* _REQUIREMENT_: The records below must be reproduced exactly. Strip out the pictures.

* _RECORDS FOR THIS TASK_:

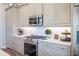 Stylish kitchen with stainless steel appliances and white subway tile backsplash at 127 W Belmar St, Lakeland, FL 33803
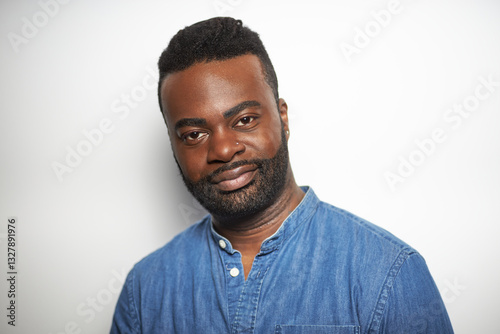 Portrait of a confident Black man with well-groomed beard wearing a denim shirt against a white background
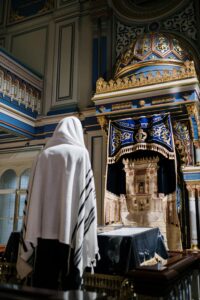 Individual in a white shawl praying at a decorative religious altar indoors.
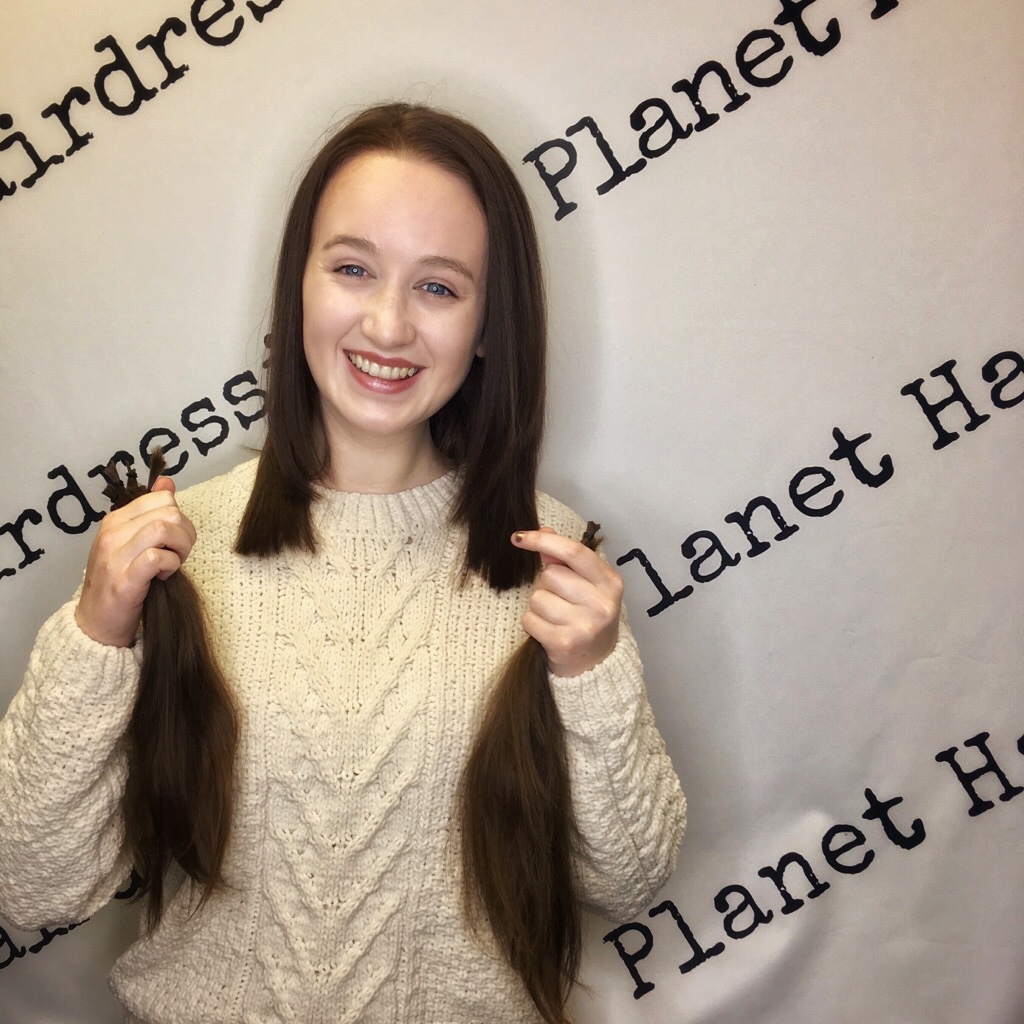 pippa with cropped hair holding locks of cut hair in hands and smiling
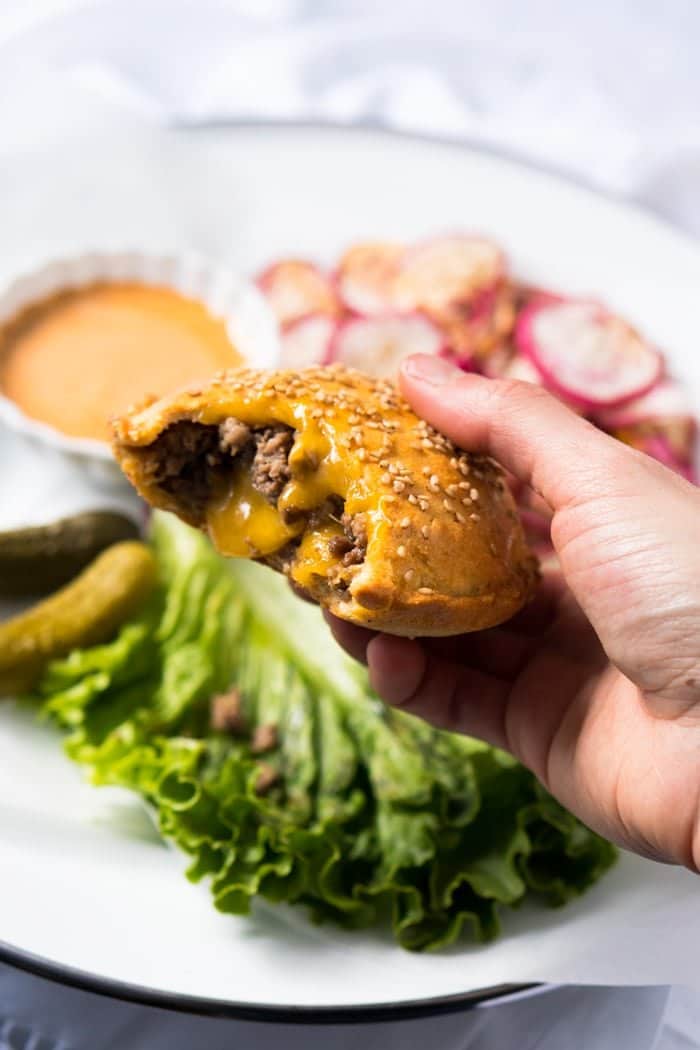 Holding a bitten keto cheeseburger pocket showing the filling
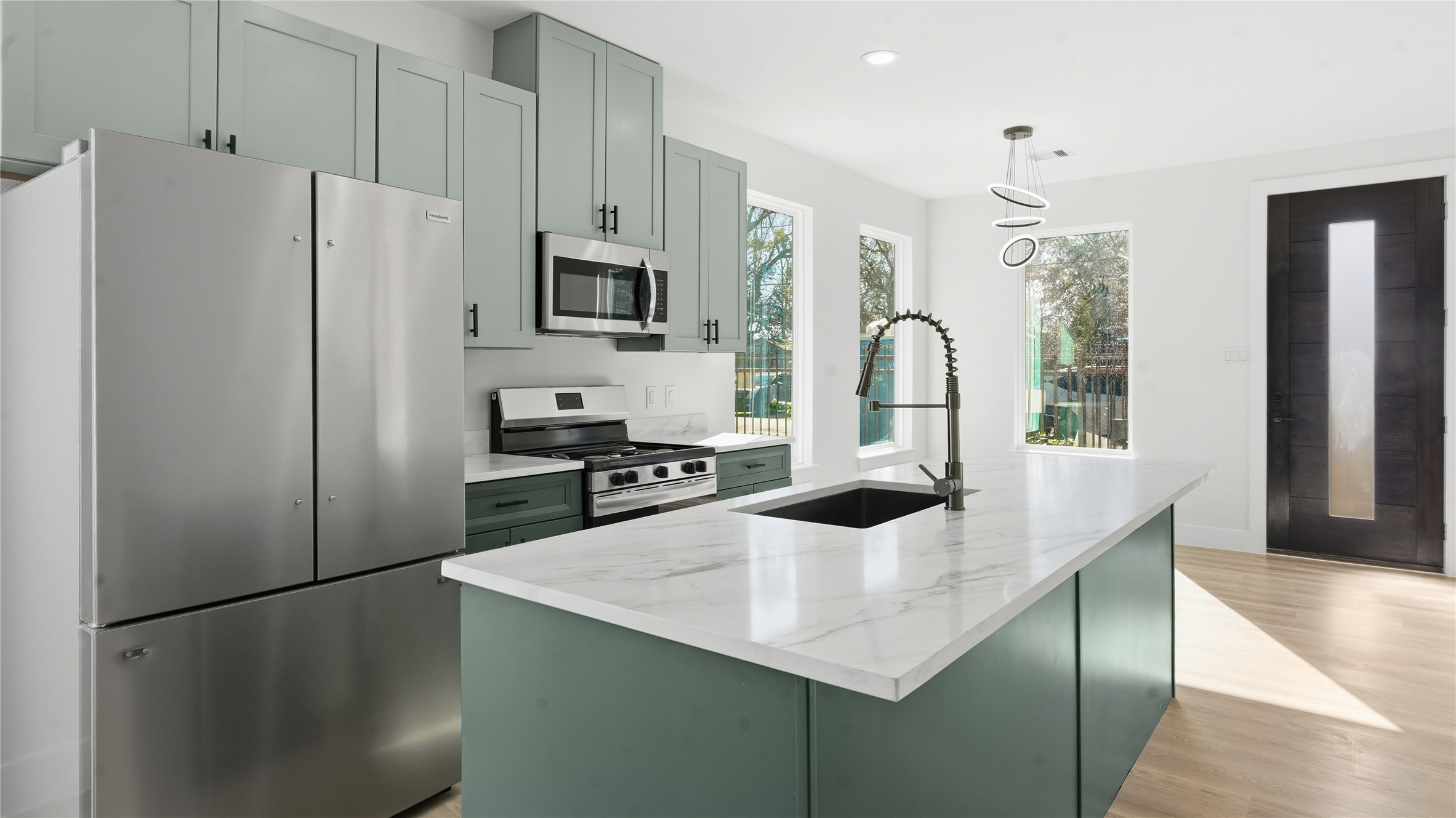 1317 Knight Street, Unit 1 Houston, TX 77022 - Photo 6 of 11 a kitchen with stainless steel appliances a refrigerator a sink a stove a table and chairs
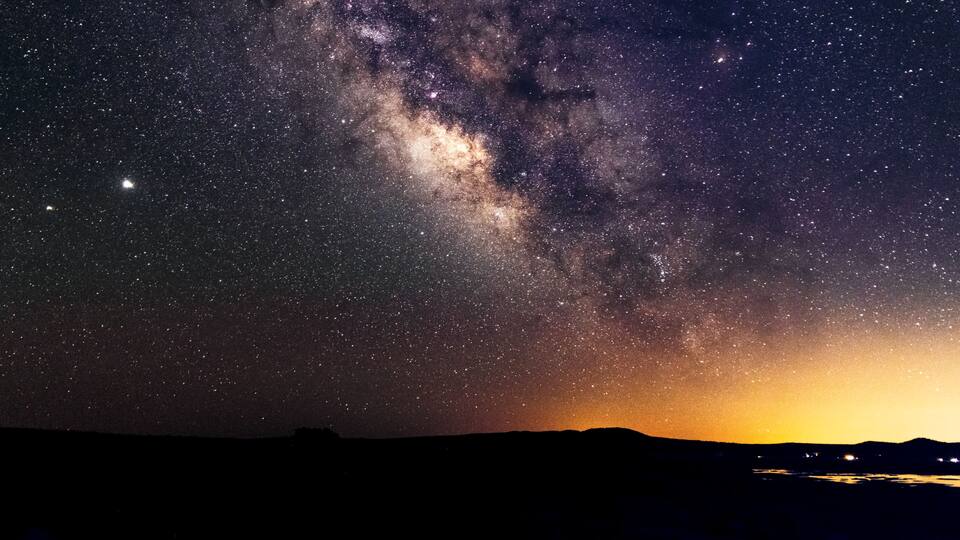 A starry night sky with the Milky Way visible, a silhouette of a mountain range, and a distant city skyline.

* _ANSWER_:
 Stylish kitchen with stainless steel appliances and white subway tile backsplash at 127 W Belmar St, Lakeland, FL 33803
 Portrait of a confident Black man with well-groomed beard wearing a denim shirt against a white background
 Individual in a white shawl praying at a decorative religious altar indoors.
 pippa with cropped hair holding locks of cut hair in hands and smiling
 Holding a bitten keto cheeseburger pocket showing the filling
 1317 Knight Street, Unit 1 Houston, TX 77022 - Photo 6 of 11 a kitchen with stainless steel appliances a refrigerator a sink a stove a table and chairs
 A starry night sky with the Milky Way visible, a silhouette of a mountain range, and a distant city skyline.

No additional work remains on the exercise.